The idea behind this identity is that it is very useful, when the density $f_Y$ is given and we know something about the probability $\mathbb{P}(\lambda_1 X + \lambda_2 y = a)$. 
Now I want to prove this statement.
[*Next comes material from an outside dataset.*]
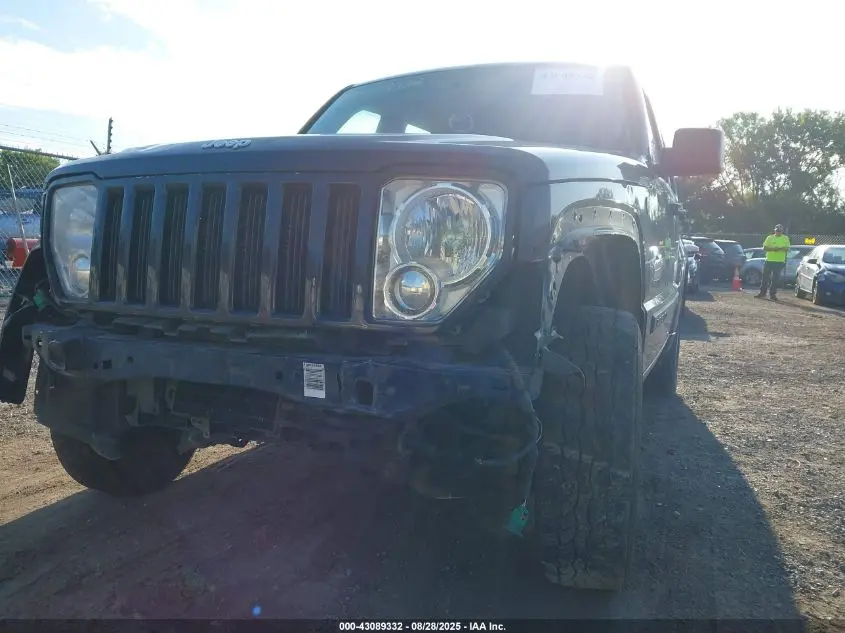 2012 JEEP LIBERTY SPORT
I tried to use the substitution formula
$$\mathbb{E}[g(X)]= \int_{\Omega}g(X(\omega)) \, \text{d} \mathbb{P}(\omega) = \int_{\mathbb{R}} g(x) \, \text{d}P_X(x) = \int_{-\infty}^{\infty} g(x) f_X(x) \, \text{d}x, $$
where $g: \mathbb{R} \rightarrow \mathbb{R}$ is measurable and calculated the following:
$$\mathbb{P}(\lambda_1 X + \lambda_2 Y = a)= \mathbb{E}[\mathbb{1}_{\lambda_1 X + \lambda_2 Y = a}]= \int_{\Omega}\mathbb{1}_{\lambda_1 X + \lambda_2 Y = a}(\omega) \, \text{d} \mathbb{P}(\omega)= \int_{-\infty}^{\infty} ..?.. \, \text{d} P_{(X,Y)}(x,y),$$
but I do not know how to continue at this point.
 A: Use the Law of Iterated Expectation.
$$\begin{align}
\mathbb{P}(\lambda_1 X + \lambda_2 Y = a) & = \mathbb{E}[\mathbb{1}_{\lambda_1 X + \lambda_2 Y = a}]
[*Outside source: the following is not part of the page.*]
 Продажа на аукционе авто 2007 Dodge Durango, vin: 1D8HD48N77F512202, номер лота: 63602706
\\[2ex] & = \Bbb E[\Bbb E[\mathbf 1_{\lambda_1 X + \lambda_2 Y = a}\mid Y]]
\\[2ex] & = \int_{\Bbb R}\Bbb E[\mathbb{1}_{\lambda_1 X + \lambda_2 Y = a}\mid Y](y) \, \text{d} \mathbb{P}_Y(y)
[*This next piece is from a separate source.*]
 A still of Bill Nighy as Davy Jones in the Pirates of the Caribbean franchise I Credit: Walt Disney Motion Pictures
\\[2ex] & = \int_{-\infty}^{\infty} \Bbb P(\lambda_1X+\lambda_2 y=a\mid Y=y)\, f_Y(y) \, \mathrm{d} y
\end{align}$$
Note: only if X and Y are independent does this equal $\int_{-\infty}^{\infty} \Bbb P(\lambda_1X+\lambda_2 y=a) \,f_Y(y) \mathrm{d} y$
A: Since the original poster wasn't satified with a step in Grahm's answer I will add the following clarification of that step.

How do we motivate that $\int P[\lambda_1X+ \lambda_2Y=a|Y=y]P_Y(dy) $ equals $\int P[\lambda_1X+\lambda_2y=a]P_Y(dy)$?

This follows from the following result which may be found on p.263 in Shiryaev's Probability 1 (2016)

If $X,Y $ are independent and $\phi $ is a $\mathcal B(R^2) $
  measurable function such that $E[|\phi(X,Y) |]<\infty $ then  $$\int E[\phi(X,Y)|Y=y]P_Y(dy)=\int E[\phi(X,y)]P_Y(dy)$$

We simply let $\phi(x,y)=1_{\{x+y=a\} }(x,y)$. Hope this helps!